PROBLEM STATEMENT -> Set down exactly, from the records below, the line with "Nest Thermostat E Wiring Diagram 6 Wire" through the line with "AllSaints Brown Etta Crossbody Bag", and nothing else.

GIVEN INFORMATION ->

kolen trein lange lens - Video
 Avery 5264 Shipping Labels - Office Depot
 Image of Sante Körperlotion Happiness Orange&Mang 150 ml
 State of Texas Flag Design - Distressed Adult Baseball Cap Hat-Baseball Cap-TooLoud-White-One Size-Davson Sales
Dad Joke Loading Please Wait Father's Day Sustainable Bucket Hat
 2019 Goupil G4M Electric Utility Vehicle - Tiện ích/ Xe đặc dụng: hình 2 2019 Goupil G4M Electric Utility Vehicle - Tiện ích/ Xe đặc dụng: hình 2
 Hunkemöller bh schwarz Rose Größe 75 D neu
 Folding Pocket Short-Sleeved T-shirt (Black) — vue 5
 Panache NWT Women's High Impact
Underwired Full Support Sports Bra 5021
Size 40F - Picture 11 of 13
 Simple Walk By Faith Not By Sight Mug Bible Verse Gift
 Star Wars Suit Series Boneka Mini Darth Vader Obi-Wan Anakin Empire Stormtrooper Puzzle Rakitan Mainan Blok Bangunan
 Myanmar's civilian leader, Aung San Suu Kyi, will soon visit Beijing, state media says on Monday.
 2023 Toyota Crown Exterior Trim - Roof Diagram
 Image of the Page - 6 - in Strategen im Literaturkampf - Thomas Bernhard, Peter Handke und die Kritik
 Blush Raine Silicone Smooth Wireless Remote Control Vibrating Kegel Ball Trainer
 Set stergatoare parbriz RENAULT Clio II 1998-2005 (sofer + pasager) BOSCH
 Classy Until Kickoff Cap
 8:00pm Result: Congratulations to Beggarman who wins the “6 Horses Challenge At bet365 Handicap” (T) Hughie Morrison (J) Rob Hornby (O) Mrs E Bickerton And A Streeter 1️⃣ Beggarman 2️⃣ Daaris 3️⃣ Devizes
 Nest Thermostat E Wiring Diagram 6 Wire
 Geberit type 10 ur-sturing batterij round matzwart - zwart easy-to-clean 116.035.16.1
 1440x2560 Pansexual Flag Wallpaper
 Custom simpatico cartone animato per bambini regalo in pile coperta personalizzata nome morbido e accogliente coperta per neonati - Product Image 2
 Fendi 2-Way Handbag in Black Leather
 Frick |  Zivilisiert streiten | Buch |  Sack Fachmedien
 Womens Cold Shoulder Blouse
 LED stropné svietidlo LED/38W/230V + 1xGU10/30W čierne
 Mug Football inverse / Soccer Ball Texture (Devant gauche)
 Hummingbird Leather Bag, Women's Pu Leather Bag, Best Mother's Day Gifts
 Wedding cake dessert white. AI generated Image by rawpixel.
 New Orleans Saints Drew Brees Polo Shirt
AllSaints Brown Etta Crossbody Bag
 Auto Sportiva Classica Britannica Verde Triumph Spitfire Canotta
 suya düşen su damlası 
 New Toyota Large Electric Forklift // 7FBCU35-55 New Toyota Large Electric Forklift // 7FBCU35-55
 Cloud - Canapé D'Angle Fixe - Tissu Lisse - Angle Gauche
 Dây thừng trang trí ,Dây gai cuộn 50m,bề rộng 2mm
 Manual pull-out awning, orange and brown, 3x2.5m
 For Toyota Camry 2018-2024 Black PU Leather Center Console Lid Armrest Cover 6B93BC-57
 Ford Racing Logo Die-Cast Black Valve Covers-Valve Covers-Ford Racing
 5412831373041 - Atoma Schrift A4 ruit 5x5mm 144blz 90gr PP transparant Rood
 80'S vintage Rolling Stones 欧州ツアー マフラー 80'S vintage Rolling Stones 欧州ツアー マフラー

RESULT OF THIS TASK ->
 Nest Thermostat E Wiring Diagram 6 Wire
 Geberit type 10 ur-sturing batterij round matzwart - zwart easy-to-clean 116.035.16.1
 1440x2560 Pansexual Flag Wallpaper
 Custom simpatico cartone animato per bambini regalo in pile coperta personalizzata nome morbido e accogliente coperta per neonati - Product Image 2
 Fendi 2-Way Handbag in Black Leather
 Frick |  Zivilisiert streiten | Buch |  Sack Fachmedien
 Womens Cold Shoulder Blouse
 LED stropné svietidlo LED/38W/230V + 1xGU10/30W čierne
 Mug Football inverse / Soccer Ball Texture (Devant gauche)
 Hummingbird Leather Bag, Women's Pu Leather Bag, Best Mother's Day Gifts
 Wedding cake dessert white. AI generated Image by rawpixel.
 New Orleans Saints Drew Brees Polo Shirt
AllSaints Brown Etta Crossbody Bag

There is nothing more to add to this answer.